Wednesday, February 1, 2012

Groundhog Day/Candlemas/Imbolc

Groundhog Day is an Astronomical Holiday marking the event when Earth’s orbit around the sun moves between the December Solstices & the March Equinoxes.  It is more or less the midpoint.  There are more specific ways of dividing days to get to the midpoint.  The Ancient Celtic Calendar the year is divided into quarter days (equinoxes & solstices).  The Neopagn Wheel of the Year in cross-quarter days.  The celebration of Candlemas by some Christians as one of the Twelve Great Feasts or Imbolc  in Contemporary Paganism, the time of Blessing of the seeds and consecration of agricultural tools. It marks the center point of the dark half of the year.

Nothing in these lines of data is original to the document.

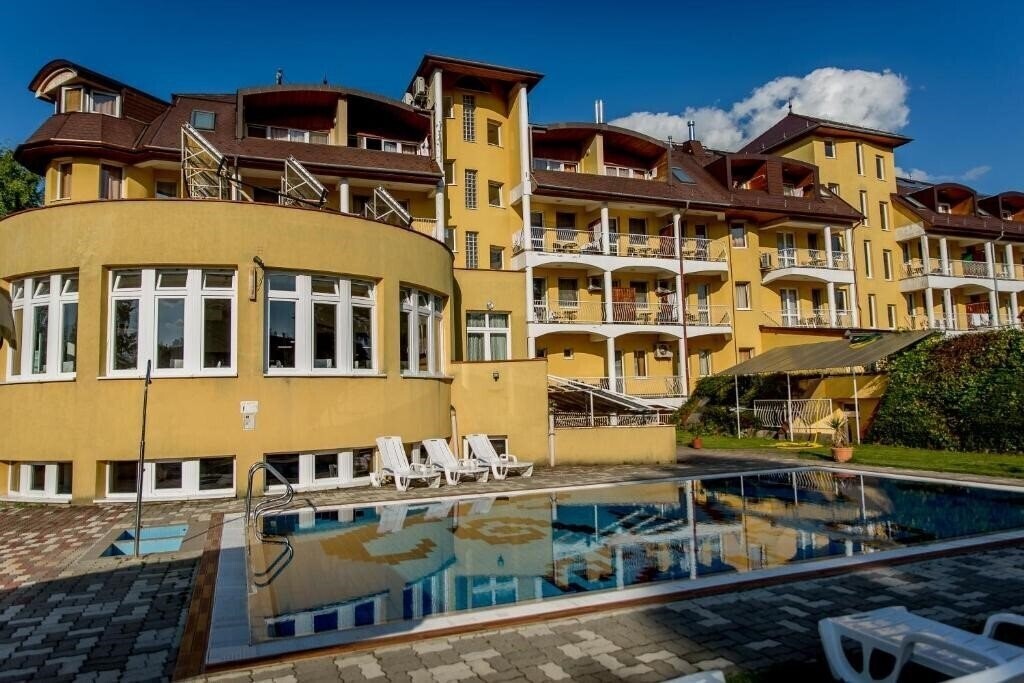 Hotel Venus Zalakaros 4*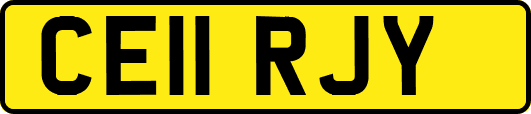 CE11RJY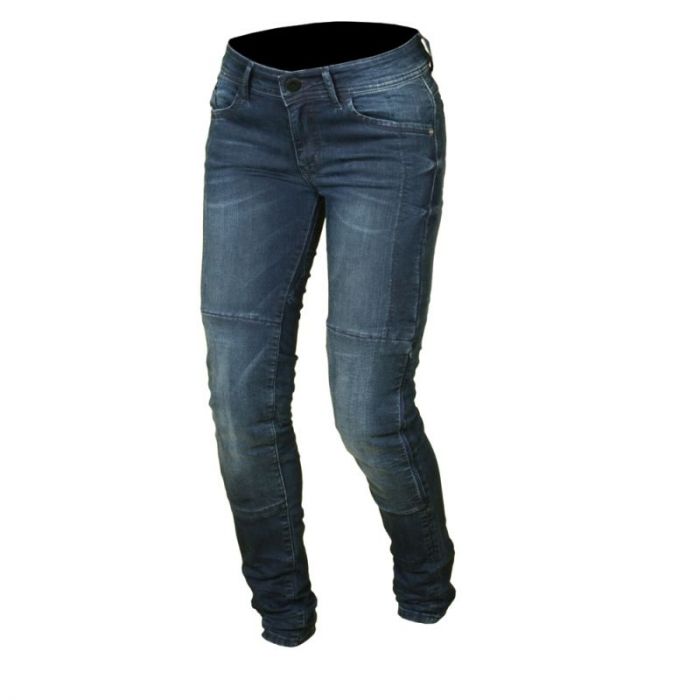slim motorcycle jeans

 Half your wood and half your hay, you should have on Candlemas Day.”

As for the groundhog, the tradition can be traced to early Christians in Europe, when on Candlemas Day a hedgehog was said to look for his shadow:  If Candlemas Day be fair and bright, winter will have another flight. But if it be dark with clouds and rain, winter is gone and will not come again.”

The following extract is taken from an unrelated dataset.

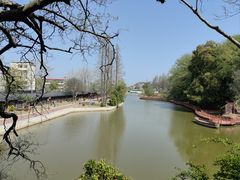 -东坡赤壁风景名胜区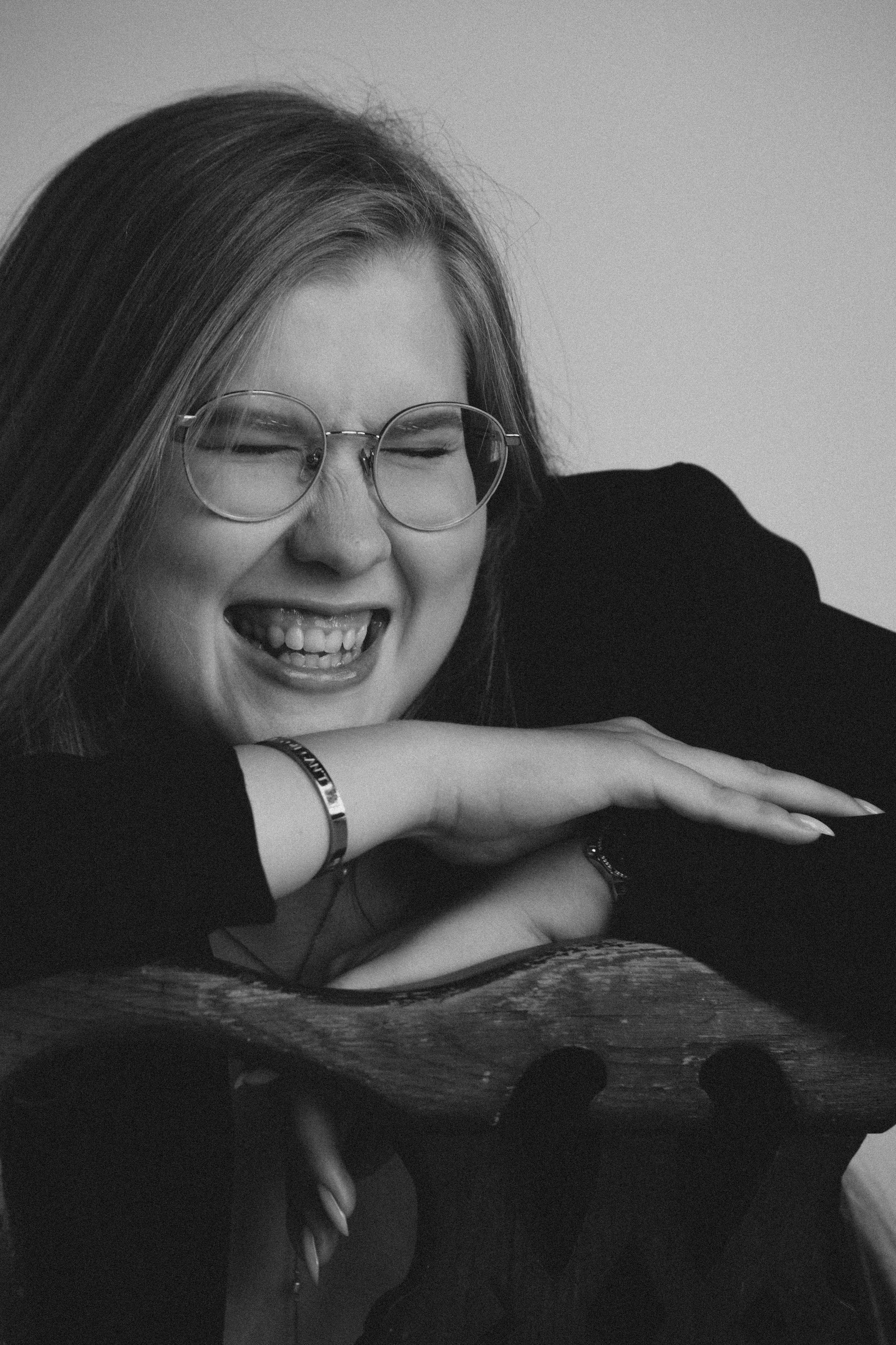 Яна. Фотограф Виктория Куприянова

Immigrants from Great Britain & Germany brought the celebration to North America.  The U.S./Canadian Groundhog Day falls on February 2.  A groundhog is said to forecast the end of winter by looking for his shadow. If it’s sunny and he sees his shadow we are in for six more weeks of winter. But if it is cloudy we can hope for an early spring.
The most famous groundhog is Punxsutawney Phi from Punxsutawney, Pennsylvania.  The National Geographic Society once studied the groundhog and found him right only one out of three years.

Shadow Play: Silhouettes
Tape a large piece of paper to the wall.  Place your object such as a stuffed animal with a good profile sideways next to the paper.  (This is fun with people too!) Darken the room and shine the flashlight or shade-less lamp directing the profile shadowed onto the paper.  Trace the shadow.  Cut out the profile.  Mount it on a contrasting piece of paper.
How to make a Priapic wand (Imbolc) for waking the flowers
a good stick, strong and about 2/3 inch in diameter
an acorn (or pine cone)
colored ribbon
bells
hot glue gun

Strip the bark about 2 inches down the stick. Cut a notch into the tip of the stick & glue the acorn/pine cone to the tip. Wrap the ribbon around the top gluing into place and add the bells to the ends of the ribbons.

Once the wand is dry take it outside for waving over the garden beds sending good hopes for the forthcoming shoots & flowers!